The Perspective believes the Liberian Legislature should not rush and must not be rushed to ratify yet again another agreement without a full debate or clear understanding of how Liberia can practically benefit from accession to WTO. It seems that WTO accession is being pushed so that when the Sirleaf administration expires on January 16, 2018, it will be difficult for a new Government to revisit, negotiate or cancel the illegal concessions and contracts. Only those firms that have gained concessions illegally and irregularly will benefit. The victims will be the Liberian people. What does Liberia have to sell on the world market? What do we manufacture and or produce to sell to other countries? Firestone Rubber Plantation started in 1926 in Liberia, but today Liberia does not have the capacity to produce even a condom. We have sold for cheap the land (our indigenous population depend on to make ends meet) to oil palm companies that are now-a-days suppressing the ”First People”. Worst, the same way we produce iron ore, etc. without adding values, we do not have the capacity to produce value added products form oil palms.
Unfortunately, from 1847 to 2016, each administration has promised value addition to our natural resources that we can sell for higher premium on the world market, but all have been nothing but empty promises. Today, Liberia is an IMPORTING NATION, including buying practically everything it uses from foreign markets. We buy even bitter balls, pepper, banana, etc. from Guinea, Ivory Coast, and Sierra Leone because our government has failed to create a supporting environment for mechanize farming.
Until Liberia can develop the productive capacity to make and sell export products or services, we do not see how our accession to WTO will benefit Liberia and Liberians. We therefore see this move as intended to protect fraudsters and hustlers masquerading as investors, than advancing the interests of Liberians. We are selling iron ores, timber diamond, gold and all things natural resources, after all.

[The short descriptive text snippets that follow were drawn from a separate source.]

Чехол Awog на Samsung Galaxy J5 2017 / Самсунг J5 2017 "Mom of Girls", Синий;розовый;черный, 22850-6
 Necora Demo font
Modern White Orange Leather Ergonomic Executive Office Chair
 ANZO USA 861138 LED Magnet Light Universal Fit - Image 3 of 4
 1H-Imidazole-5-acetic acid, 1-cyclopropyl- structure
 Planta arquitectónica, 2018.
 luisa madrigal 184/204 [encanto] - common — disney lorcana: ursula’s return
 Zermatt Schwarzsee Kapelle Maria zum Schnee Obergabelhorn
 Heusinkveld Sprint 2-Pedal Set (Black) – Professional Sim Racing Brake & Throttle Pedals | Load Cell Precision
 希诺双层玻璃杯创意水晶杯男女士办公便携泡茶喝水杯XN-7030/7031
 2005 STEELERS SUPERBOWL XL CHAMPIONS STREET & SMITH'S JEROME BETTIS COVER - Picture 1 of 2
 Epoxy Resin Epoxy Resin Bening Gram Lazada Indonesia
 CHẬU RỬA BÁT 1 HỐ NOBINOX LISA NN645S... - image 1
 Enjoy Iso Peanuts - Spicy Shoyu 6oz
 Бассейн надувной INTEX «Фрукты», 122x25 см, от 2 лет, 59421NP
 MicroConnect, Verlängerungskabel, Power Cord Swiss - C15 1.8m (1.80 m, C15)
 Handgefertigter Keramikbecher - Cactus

The Perspective wonders whether the Assistant Secretary of State knows that the Liberian Government has reported that it international reserves is being depleted and that Liberia barely has 3 months of international reserve to meet its forever import demands? Further, does the Assistant Secretary knows that Liberia has severely limited US dollars to the extent that the President has announced they have printed more Liberian dollars and Liberians and Liberians businesses will be paid in Liberian dollars? And furthermore, does the Assistant Secretary know that banks are running out of US dollars? All of these represent cumulative failure of the Liberian Government's inability to create and support a vibrant export market, as they “Asian Tigers” did in the 70s, 80s, and 90s. Instead of pushing prematurely Liberia into WTO, the Assistant Secretary should push to end corruption so that there is money left to build an export sector first and then WTO later.
Finally, the interest of the World Trade Organization is beyond protecting flawed concessionary agreements. It has other cardinal initiatives: “seeking to privatize or sell essential public services such as education, health care, energy and water…radio airwaves or schools…” We have seen this privatization scams masterminded by the Sirleaf administration in recent months. Education privatization was recently consummated in Boston. Energized by the indecision of Liberians to the scam, the Sirleaf administration has turned its callous efforts to the Liberia Water and Sewer Corporation for privatization. But these scams are the foretastes of what will happen when the WTO Agreement is rectified.
So our lawmaker must, at least for a change, say NO to the WTO Agreement. The Perspective believes in free trade but it wants WTO to TRULY benefit Liberia, so a caution is necessary and appropriate.